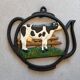 Vintage cast iron tablemat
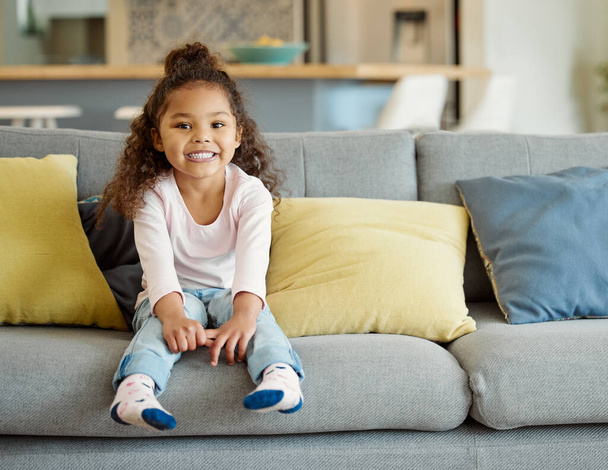 Sie liebt die Wochenenden auf der Couch. Porträt eines kleinen Mädchens, das zu Hause auf dem Sofa sitzt. - Foto, Bild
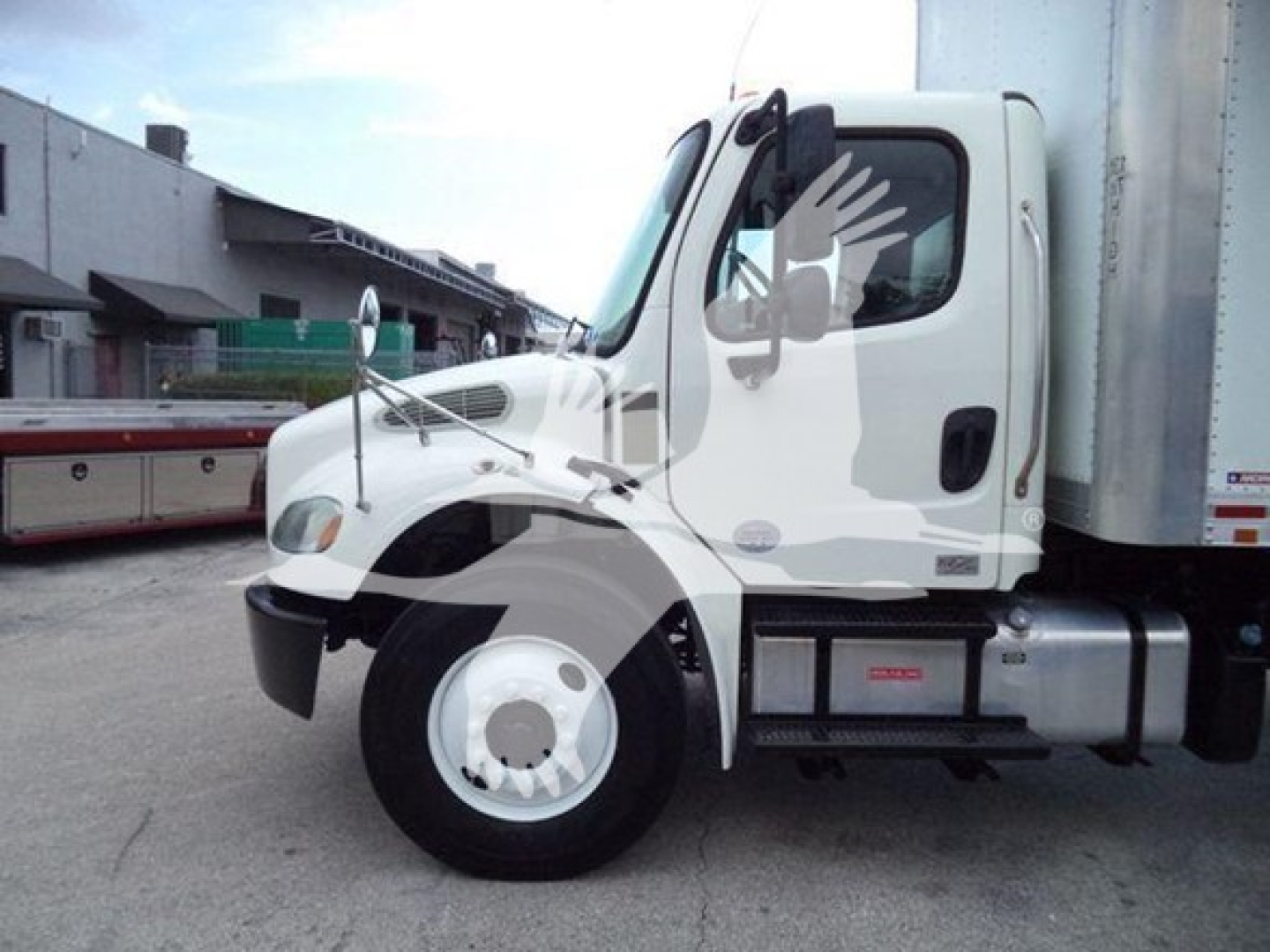 Freightliner M2 106 truck cab side view showing front wheel and fuel tank with cab door. Visible text on stickers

WORK REQUEST:
No pictures go in the copy. Set down all the data exactly.

RESPONSE TO THE TASK:
 Vintage cast iron tablemat
 Sie liebt die Wochenenden auf der Couch. Porträt eines kleinen Mädchens, das zu Hause auf dem Sofa sitzt. - Foto, Bild
 Freightliner M2 106 truck cab side view showing front wheel and fuel tank with cab door. Visible text on stickers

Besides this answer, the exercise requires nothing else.